Not all hedge managers are up to the task of maneuvering over such an unsettled landscape, Steinbrugge noted. “We expect this rotation to continue and result in increased demand for managers focused on smaller companies,” he said. “Investors are cautioned to be particularly aware of the capacity constraints of these managers.”

Pension plans have continued to boost their hedge fund exposure over time, even as the number of such funds has contracted (there were too many of them). By 2019, the last full year available, public retirement plans had doubled the hedge fund portion of their portfolios over the preceding decade, to 6.9%. 

The Agecroft report comes as hedge funds scored two good years after several blah ones. According to Hedge Fund Research’s fund-weighted composite, the asset class delivered an average 11.6% advance last year. That still lags behind the S&P 500’s 18.4% showing, although some hedge funds enjoyed blow-out records. Bill Ackman’s Pershing Square, for instance, generated a 70.2% return on credit-default swaps (which, of course, is all about bonds, not stocks).

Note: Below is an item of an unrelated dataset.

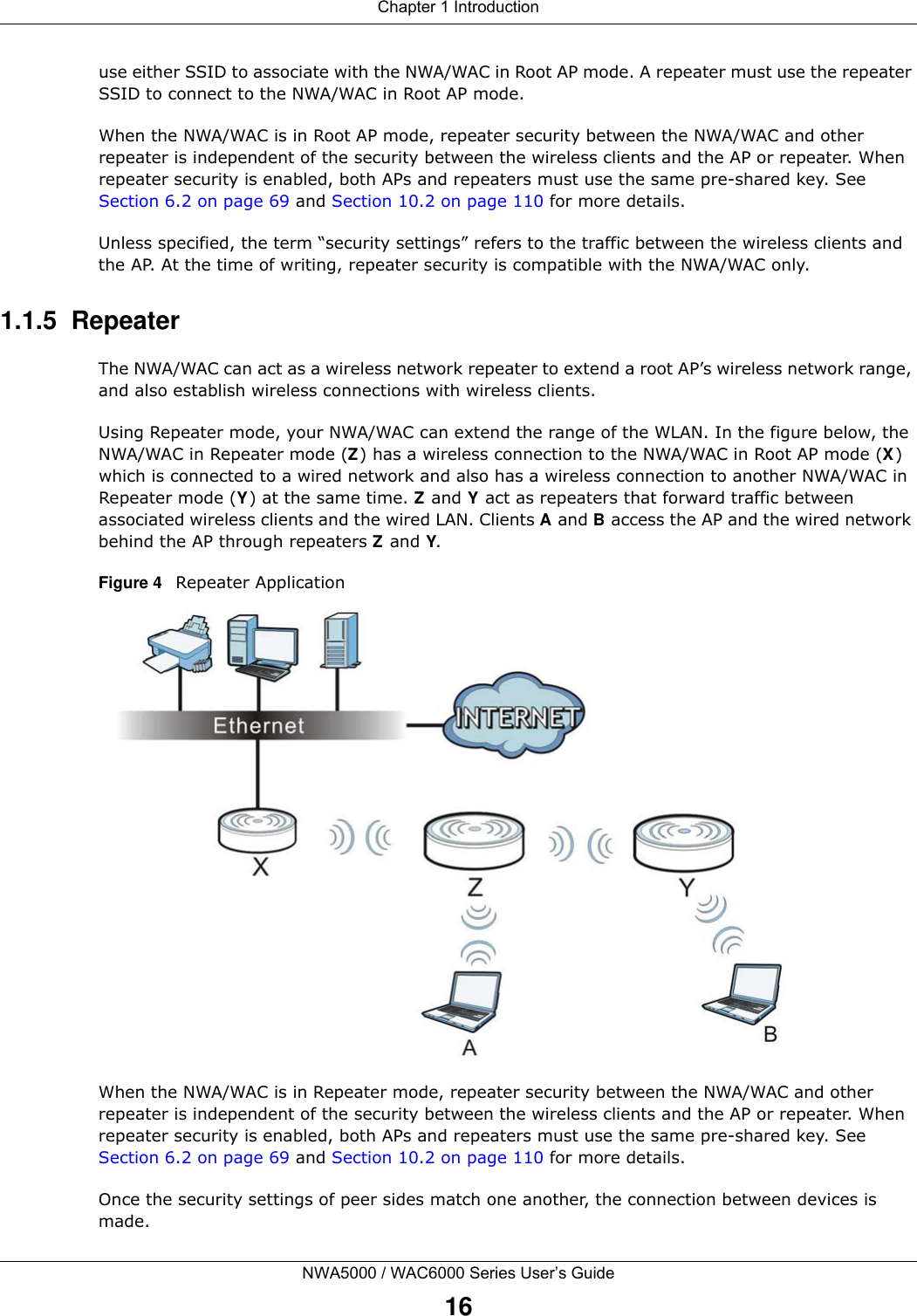 Chapter 1 IntroductionNWA5000 / WAC6000 Series User’s Guide16use either SSID to associate with the NWA/WAC in Root AP mode. A repeater must use the repeater SSID to connect to the NWA/WAC in Root AP mode.When the NWA/WAC is in Root AP mode, repeater security between the NWA/WAC and other repeater is independent of the security between the wireless clients and the AP or repeater. When repeater security is enabled, both APs and repeaters must use the same pre-shared key. See Section 6.2 on page 69 and Section 10.2 on page 110 for more details.Unless specified, the term “security settings” refers to the traffic between the wireless clients and the AP. At the time of writing, repeater security is compatible with the NWA/WAC only. 1.1.5  RepeaterThe NWA/WAC can act as a wireless network repeater to extend a root AP’s wireless network range, and also establish wireless connections with wireless clients. Using Repeater mode, your NWA/WAC can extend the range of the WLAN. In the figure below, the NWA/WAC in Repeater mode (Z) has a wireless connection to the NWA/WAC in Root AP mode (X) which is connected to a wired network and also has a wireless connection to another NWA/WAC in Repeater mode (Y) at the same time. Z and Y act as repeaters that forward traffic between associated wireless clients and the wired LAN. Clients A and B access the AP and the wired network behind the AP through repeaters Z and Y.Figure 4   Repeater ApplicationWhen the NWA/WAC is in Repeater mode, repeater security between the NWA/WAC and other repeater is independent of the security between the wireless clients and the AP or repeater. When repeater security is enabled, both APs and repeaters must use the same pre-shared key. See Section 6.2 on page 69 and Section 10.2 on page 110 for more details. Once the security settings of peer sides match one another, the connection between devices is made.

To Steinbrugge, pension funds should continue to favor hedge funds, as retirement programs increasingly seek investments that are not correlated to the S&P 500 and other standard fare.

Hedge funds are prime components of the alternative investment category, which also contains private equity, real estate, and commodities. Commodity trading advisers (CTAs), a type of hedge fund focused on commodity futures, are seeing increased pension plan demand, he wrote.

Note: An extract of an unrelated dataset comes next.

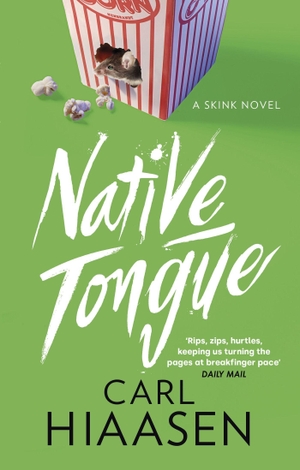 Hiaasen, Carl. Native Tongue. Little, Brown Book Group, 2023.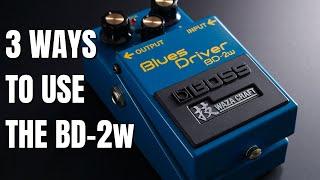 3 Ways To Use the Blues Driver | BOSS BD-2w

Agecroft found that other strategies displaying high investor demand include global macro (52%), multi-strategy (52%), equity market neutral (48%) and emerging markets (47%). Increasingly, hedge fund investors also were interested in environmental, social, and governance (ESG) themes, the study stated.

One intriguing finding was that large investors, pension programs in particular, are more and more comfortable with smaller and newer funds. The reason, Steinbrugge said, was that pension plans have built out their research staffs and thus are better equipped to foray beyond the tried and true.

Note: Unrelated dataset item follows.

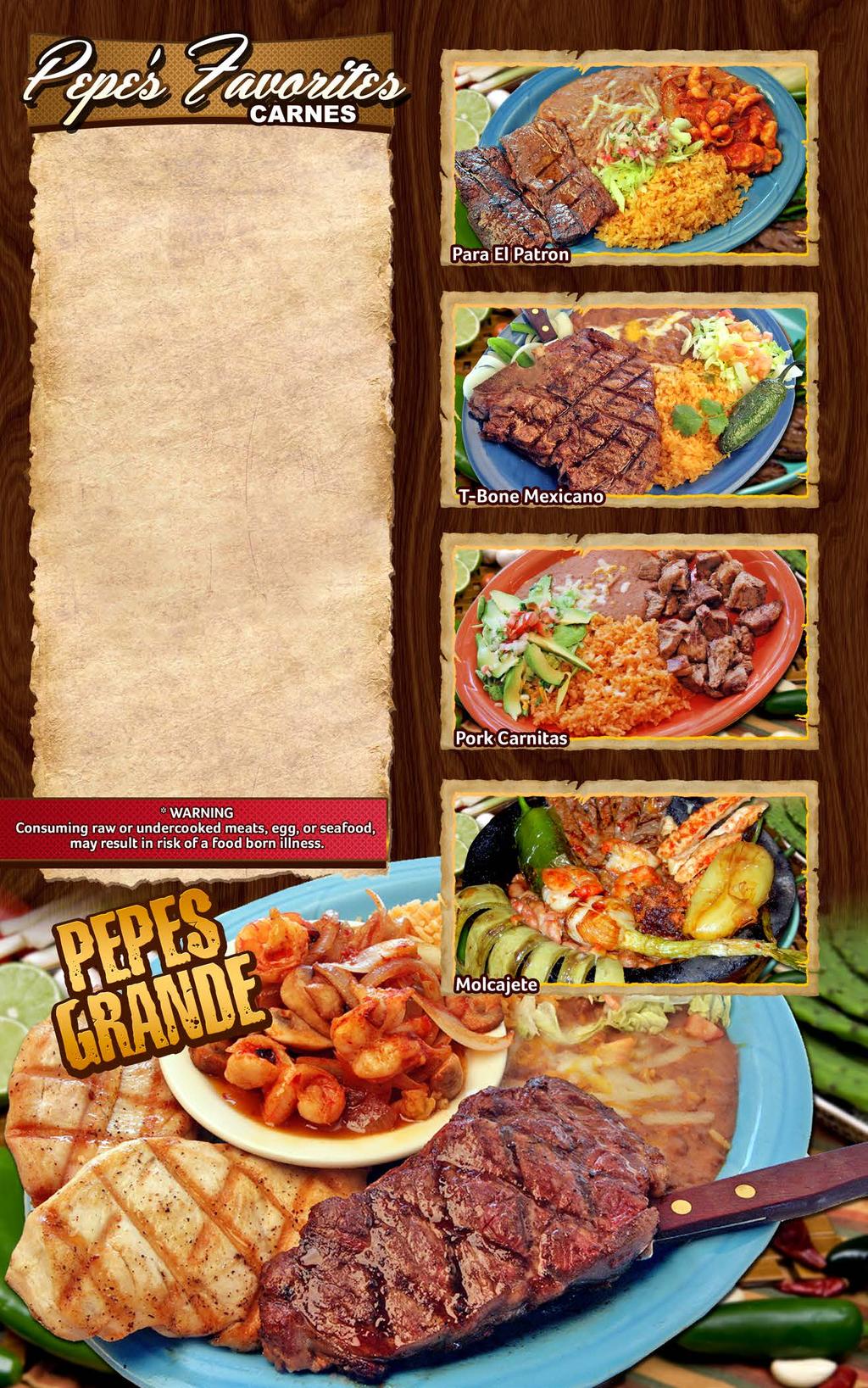 MEATS ARE COOKED TO CHOICE PARA EL PATRON 15.75 For the Boss Carne asada cooked over the charcoal served with your choice of prawns diabla or mojo de ajo. PEPE S GRANDE 16.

The survey indicated that 36% of investors would consider putting money into new fund launches, 68% were open to funds with less than $100 million, and only 2% said they required a fund to be $1 billion or larger. They were also asked about the minimum length of track record, with 39% willing to invest with less than a one-year in operation, representing a jump from previously, and 94% with a three-year tenure.